‘Struggling’ students in Scotland told they can return home after Covid-19 spike
Students who are struggling at university accommodation have been told they can return home due to recent outbreaks of Covid-19.
The Education Minister said he does not expect a “mass exodus” after updated guidance was published by the Scottish government.
The guidance states students can visit parents if there is a “reasonable excuse” such as a family emergency. But with no reasonable excuse, short stays are still deemed an “offence.”
The updated guidelines come after a lot of complaints from students who felt they were trapped in university accommodation.
Speaking on BBC’s Good Morning Scotland programme, Mr Lochhead said: “I know many students are struggling at the moment but I also know many students accept that they want to be at university.

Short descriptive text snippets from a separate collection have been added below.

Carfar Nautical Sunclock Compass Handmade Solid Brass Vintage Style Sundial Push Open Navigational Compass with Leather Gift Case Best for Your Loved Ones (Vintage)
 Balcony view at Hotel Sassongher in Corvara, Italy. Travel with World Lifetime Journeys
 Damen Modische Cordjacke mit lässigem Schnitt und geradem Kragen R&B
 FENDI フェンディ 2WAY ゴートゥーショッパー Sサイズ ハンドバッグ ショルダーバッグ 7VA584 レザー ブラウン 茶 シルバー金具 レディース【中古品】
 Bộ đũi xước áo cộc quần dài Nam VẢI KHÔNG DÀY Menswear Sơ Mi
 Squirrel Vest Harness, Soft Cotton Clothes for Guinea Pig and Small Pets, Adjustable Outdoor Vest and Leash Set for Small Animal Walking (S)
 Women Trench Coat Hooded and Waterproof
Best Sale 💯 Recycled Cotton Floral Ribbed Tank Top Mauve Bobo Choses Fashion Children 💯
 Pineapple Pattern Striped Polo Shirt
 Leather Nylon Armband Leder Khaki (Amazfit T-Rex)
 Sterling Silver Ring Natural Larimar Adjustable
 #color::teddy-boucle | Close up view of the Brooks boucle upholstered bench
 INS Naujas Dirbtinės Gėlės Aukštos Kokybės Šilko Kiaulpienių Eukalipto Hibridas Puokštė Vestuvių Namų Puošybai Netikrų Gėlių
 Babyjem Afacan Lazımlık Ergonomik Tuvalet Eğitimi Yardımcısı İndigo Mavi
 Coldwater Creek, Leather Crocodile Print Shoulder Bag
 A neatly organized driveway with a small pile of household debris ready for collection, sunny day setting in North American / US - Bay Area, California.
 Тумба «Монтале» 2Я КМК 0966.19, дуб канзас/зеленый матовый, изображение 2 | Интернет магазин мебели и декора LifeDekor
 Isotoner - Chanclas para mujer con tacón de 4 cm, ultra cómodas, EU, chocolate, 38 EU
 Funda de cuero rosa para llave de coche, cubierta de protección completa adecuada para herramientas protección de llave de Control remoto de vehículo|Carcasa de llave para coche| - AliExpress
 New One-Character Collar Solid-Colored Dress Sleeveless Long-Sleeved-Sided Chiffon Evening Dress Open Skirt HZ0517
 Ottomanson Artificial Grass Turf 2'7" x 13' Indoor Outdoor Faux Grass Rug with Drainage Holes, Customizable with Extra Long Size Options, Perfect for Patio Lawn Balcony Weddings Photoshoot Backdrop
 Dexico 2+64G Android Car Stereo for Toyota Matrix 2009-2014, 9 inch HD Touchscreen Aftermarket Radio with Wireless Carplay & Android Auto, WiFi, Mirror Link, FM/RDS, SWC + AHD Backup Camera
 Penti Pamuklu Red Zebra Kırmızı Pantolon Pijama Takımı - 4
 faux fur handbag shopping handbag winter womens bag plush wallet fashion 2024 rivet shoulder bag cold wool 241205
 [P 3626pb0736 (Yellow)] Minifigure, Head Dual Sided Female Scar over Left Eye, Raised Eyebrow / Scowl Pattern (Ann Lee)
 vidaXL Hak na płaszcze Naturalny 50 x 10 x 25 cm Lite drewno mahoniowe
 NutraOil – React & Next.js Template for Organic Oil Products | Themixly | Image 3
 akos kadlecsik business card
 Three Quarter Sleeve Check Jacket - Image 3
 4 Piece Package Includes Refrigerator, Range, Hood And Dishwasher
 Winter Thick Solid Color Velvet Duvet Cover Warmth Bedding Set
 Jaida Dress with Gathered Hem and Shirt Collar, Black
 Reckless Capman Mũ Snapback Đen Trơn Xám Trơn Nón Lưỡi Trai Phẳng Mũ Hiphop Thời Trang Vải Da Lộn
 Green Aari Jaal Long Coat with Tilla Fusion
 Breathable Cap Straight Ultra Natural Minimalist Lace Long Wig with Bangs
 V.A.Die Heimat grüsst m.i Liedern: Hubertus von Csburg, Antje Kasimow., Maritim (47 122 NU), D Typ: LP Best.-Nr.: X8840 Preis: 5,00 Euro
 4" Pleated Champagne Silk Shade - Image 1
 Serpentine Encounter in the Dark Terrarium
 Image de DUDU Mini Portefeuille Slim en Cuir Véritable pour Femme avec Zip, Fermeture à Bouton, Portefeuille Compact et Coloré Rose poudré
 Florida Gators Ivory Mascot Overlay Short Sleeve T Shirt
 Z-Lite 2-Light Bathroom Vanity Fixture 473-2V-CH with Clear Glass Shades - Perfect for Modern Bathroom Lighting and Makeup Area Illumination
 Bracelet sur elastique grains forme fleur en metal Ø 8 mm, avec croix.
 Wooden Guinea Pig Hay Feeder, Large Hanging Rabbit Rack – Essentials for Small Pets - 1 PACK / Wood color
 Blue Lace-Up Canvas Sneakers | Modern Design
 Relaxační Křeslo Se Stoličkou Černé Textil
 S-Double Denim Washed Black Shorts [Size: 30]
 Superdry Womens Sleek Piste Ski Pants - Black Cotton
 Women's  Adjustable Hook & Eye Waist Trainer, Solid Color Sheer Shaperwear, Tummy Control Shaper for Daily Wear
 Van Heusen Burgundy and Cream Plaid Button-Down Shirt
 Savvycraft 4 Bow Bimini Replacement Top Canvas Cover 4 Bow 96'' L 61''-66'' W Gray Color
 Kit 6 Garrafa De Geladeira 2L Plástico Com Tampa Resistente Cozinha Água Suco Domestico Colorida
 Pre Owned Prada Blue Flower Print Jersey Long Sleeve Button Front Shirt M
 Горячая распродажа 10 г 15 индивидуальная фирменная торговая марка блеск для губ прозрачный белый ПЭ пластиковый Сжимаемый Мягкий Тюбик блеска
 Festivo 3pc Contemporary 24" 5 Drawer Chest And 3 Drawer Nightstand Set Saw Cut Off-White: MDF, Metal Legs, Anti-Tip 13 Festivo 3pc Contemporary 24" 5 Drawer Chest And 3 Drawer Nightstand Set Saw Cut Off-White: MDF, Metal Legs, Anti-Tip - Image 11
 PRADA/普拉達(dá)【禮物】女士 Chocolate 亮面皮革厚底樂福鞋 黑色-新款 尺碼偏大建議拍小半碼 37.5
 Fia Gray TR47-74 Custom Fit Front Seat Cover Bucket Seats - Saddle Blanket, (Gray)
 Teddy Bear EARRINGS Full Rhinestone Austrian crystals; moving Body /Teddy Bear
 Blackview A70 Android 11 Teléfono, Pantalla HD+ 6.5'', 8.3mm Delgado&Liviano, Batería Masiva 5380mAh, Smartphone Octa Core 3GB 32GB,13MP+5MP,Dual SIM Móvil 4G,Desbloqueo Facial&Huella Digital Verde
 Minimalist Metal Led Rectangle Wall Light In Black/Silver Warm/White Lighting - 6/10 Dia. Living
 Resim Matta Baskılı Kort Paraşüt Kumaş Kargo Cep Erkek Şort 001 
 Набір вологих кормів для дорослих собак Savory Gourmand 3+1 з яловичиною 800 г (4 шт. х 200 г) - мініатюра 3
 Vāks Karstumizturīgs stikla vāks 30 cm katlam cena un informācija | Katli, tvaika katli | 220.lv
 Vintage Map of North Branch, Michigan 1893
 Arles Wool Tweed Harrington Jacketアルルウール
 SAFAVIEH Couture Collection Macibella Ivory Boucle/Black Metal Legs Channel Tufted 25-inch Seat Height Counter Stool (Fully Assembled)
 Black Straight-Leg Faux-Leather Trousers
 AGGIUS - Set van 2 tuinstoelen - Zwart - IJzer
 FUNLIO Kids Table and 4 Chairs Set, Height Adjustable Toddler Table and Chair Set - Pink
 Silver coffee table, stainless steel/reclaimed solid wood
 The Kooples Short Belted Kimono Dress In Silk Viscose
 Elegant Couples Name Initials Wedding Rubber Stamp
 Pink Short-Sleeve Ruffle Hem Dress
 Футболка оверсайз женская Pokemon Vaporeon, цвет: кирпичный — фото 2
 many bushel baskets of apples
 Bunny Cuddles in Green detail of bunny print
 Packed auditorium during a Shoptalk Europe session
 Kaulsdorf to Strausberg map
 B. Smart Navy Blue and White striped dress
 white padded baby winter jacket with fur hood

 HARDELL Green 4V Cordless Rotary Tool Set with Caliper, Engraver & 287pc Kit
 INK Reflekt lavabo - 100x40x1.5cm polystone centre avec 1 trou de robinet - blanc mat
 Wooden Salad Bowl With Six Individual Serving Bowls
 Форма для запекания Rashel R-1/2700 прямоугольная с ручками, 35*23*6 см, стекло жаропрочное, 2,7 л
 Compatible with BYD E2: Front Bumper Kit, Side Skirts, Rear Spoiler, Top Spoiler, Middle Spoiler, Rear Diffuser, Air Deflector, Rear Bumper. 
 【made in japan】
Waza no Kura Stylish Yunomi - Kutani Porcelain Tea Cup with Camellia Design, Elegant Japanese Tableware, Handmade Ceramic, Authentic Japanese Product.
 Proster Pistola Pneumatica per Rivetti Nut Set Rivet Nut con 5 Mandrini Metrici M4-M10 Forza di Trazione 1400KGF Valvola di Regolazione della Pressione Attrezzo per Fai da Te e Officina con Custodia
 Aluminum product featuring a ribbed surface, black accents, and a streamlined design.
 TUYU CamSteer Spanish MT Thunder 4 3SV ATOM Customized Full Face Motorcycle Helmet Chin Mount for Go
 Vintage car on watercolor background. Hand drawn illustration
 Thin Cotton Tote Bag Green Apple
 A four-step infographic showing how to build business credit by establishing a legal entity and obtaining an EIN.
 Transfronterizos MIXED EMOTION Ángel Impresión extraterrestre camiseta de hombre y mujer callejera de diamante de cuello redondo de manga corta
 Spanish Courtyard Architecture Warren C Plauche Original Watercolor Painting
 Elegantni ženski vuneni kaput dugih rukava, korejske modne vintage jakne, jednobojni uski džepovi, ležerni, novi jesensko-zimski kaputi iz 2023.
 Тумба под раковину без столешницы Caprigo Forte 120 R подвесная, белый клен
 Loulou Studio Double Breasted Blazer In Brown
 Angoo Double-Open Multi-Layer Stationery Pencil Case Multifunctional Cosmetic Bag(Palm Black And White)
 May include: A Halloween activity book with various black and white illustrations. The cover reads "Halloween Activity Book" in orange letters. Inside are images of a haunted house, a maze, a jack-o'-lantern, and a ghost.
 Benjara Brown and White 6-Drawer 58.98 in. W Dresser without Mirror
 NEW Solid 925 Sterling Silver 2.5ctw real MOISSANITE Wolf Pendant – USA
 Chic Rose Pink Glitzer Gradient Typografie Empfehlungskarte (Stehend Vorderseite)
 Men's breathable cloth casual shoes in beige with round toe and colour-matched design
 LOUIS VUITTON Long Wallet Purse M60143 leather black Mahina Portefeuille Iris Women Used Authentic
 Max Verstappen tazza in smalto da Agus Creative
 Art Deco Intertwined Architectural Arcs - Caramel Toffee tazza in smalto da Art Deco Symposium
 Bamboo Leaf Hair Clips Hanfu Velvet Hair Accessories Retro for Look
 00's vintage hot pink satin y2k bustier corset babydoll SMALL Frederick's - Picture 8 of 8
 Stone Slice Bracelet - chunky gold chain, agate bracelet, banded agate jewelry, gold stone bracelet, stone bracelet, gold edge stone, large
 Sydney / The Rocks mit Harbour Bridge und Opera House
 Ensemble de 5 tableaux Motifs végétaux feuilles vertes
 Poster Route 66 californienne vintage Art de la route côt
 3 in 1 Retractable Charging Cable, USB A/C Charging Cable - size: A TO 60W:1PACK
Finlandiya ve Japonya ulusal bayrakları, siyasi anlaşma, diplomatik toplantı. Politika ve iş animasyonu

“It is challenging at the moment, especially if they are self-isolating, but they are enjoying the opportunity of making new connections, of at least meeting their tutors, albeit a lot of their learning is online.
“So I don’t expect a mass exodus from Scotland’s campuses but the opportunity is there for those that are struggling.”
Those wanting to permanently return to another home have been asked to self-isolate and not use public transport.
Student union NUS Scotland has welcomed the news.
Its president Matt Crilly said: “Today’s guidance provides welcome clarity to the students in halls, who will be considering their next steps.
“We welcome that students will be able to return home on a permanent basis. However, we are disappointed that the government continues to talk up in-person teaching, which may keep students on campus and increase risks unnecessarily.
“We continue to call on the Scottish government to strengthen teaching guidance so remote learning is the default and a reality for as many students as possible.”
Scottish Conservative leader Douglas Ross said the situation with students is still confusing.
He told BBC Radio’s Good Morning Scotland: “On one hand students are being told they can go home, then they are being told they can go home if there are certain circumstances and I think there are still questions over what those circumstances are.”
He says ministers should have anticipated problems given what happened in the US when students went to back to university and colleague.
He added: “This guidance should have been absolutely crystal clear before these young people left home and certainly before they got to university and were, in many cases, locked up in halls of horror.”